Первая колымская зима заканчивалась. Я перенес ее только благодаря тому, что был еще молод. Сейчас, вспоминая эту первую зиму, удивляюсь, как я не заболел воспалением легких. Ведь за ночь мои волосы примерзали к снегу на подушке. Разве слой фанеры и брезент могли сохранить тепло в палатке!

Начала мучить вшивость. Маленькая баня не могла поддерживать необходимую санитарию. Что делать? Во время заготовки дров мы кипятили свое белье в котелках на кострах, но это была паллиативная мера, хотя бы потому, что не было сменной пары белья. Это одно из отвратительных воспоминаний. За осень я оброс бородой, и меня стали называть «пахан». Отношение ко мне стало уважительней. А мне было только 29 лет!

На всех работах существовали нормы выработки. Я никогда не интересовался, вырабатываю ли норму или нет. Было убеждение, что нормы эти взяты с потолка, рассчитаны на совсем другие условия и мне их все равно никогда не выполнить.

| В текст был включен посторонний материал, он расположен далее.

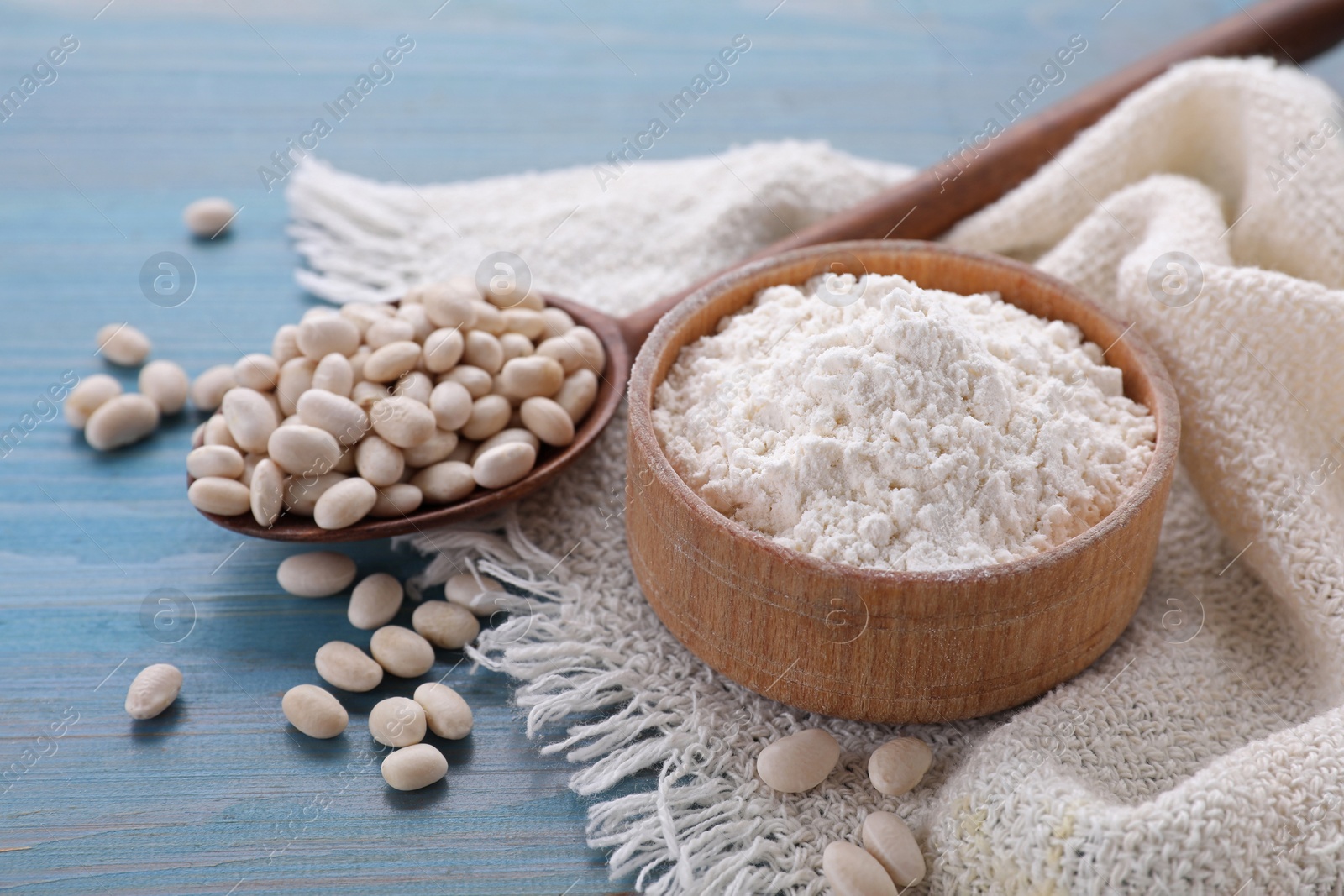 Photo of Kidney bean flour and seeds on light blue wooden table, closeup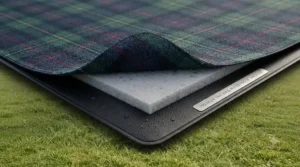 Cross-section diagram of a waterproof picnic blanket showing soft fleece top, foam padding, and PEVA damp-proof backing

В заключение этой главы хочу добавить, что мои попытки предложить администрации ЛИ свои услуги в качестве художника были отклонены. Художник на прииске очень нужен. Нужно писать лозунги, оформлять стенгазеты, рисовать карикатуры на отказников и пр. (не говоря уже о работе в клубе). Я познакомился с работниками КВЧ (культурно-воспитательной части), они были не против, но начальство ЛП не разрешило взять меня. Надо мной, как дамоклов меч, висела литерная КРД.